Copy each line below as it stands, but skip any picture it contains.

[Saved data entries]
□ □ □ □ □ □ □

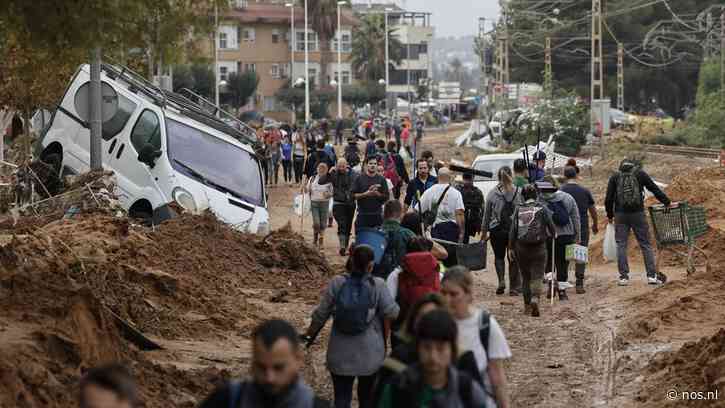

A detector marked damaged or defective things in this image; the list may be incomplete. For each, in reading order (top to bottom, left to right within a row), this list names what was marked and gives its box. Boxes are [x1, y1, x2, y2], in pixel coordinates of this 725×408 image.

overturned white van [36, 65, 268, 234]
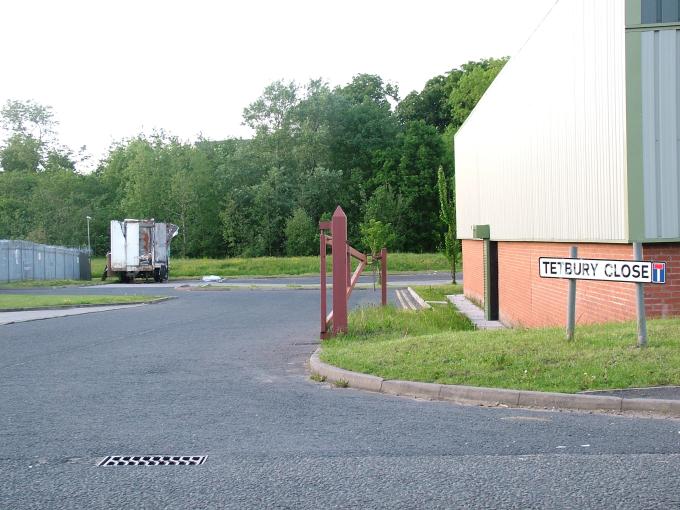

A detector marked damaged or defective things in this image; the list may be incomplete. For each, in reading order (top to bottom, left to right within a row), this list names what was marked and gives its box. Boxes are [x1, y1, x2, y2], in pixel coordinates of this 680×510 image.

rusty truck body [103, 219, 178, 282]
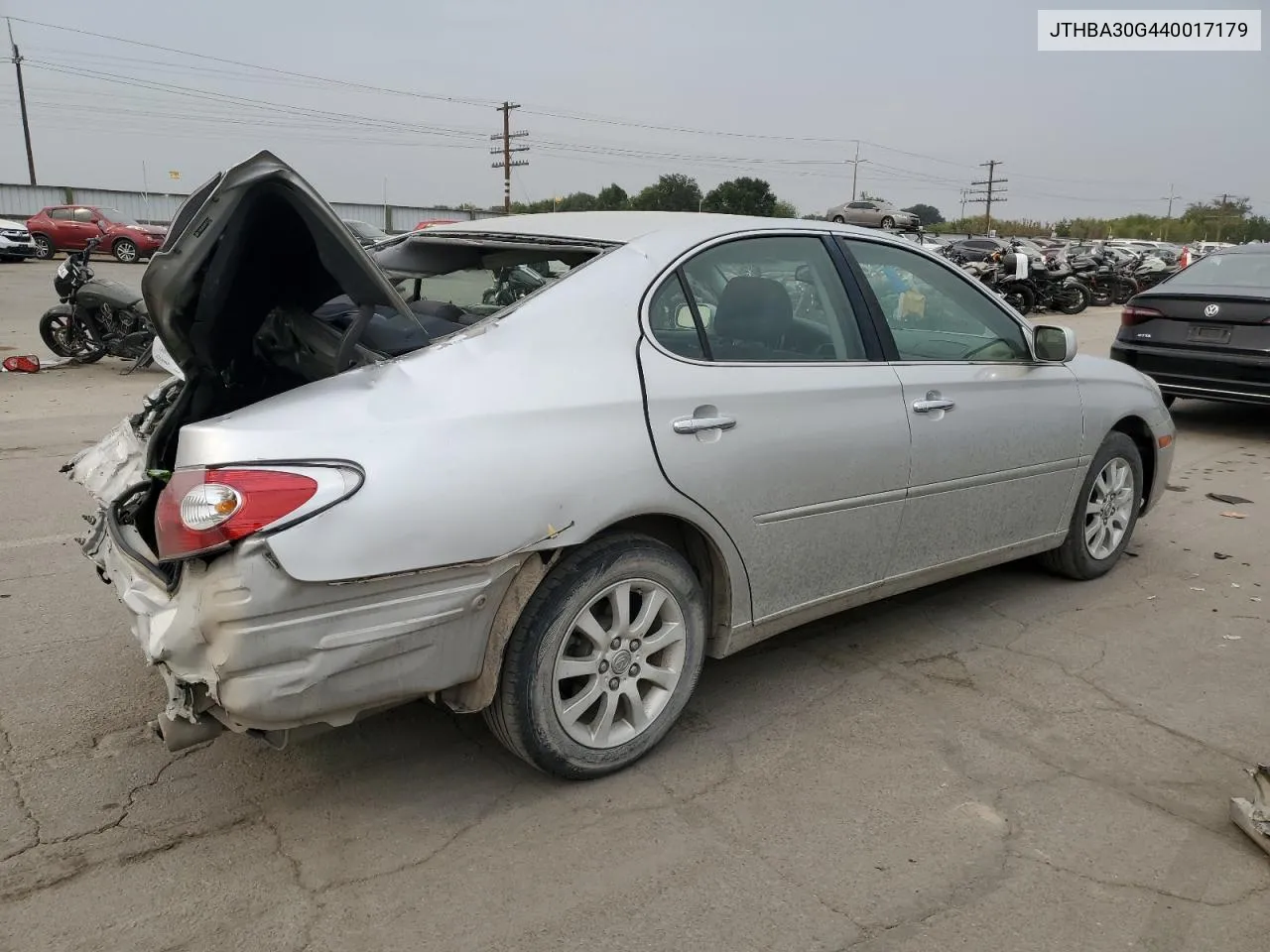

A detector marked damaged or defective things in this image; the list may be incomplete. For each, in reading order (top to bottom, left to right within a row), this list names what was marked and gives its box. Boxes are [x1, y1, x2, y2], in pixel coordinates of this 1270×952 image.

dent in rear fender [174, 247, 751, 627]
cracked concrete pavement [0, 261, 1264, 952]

□ □ □ □ □ □ □

▸ **Task output**
A detector marked damaged or defective things in this image; the list may be incomplete. For each, in reading order (top to bottom, left to right within a row), this list names what was marked and gives its box. Boxes are [x1, y1, x2, y2], in pixel coordinates of this 725×408 image.

overturned white van [36, 65, 268, 234]

A detector marked damaged or defective things in this image; the list may be incomplete. For each, in reading order (top to bottom, left to right within a row), this list names what was marked and gives its box. Boxes are [x1, y1, x2, y2], in pixel coordinates of this 680×510 image.

rusty truck body [103, 219, 178, 282]

A detector marked damaged or defective things in this image; the list may be incomplete. For each, in reading order (top to bottom, left to right within a row), this list names what was marked and gives its box. Boxes are [x1, y1, x2, y2], in pixel coordinates of this 1270×952 image.

dent in rear fender [174, 247, 751, 627]
cracked concrete pavement [0, 261, 1264, 952]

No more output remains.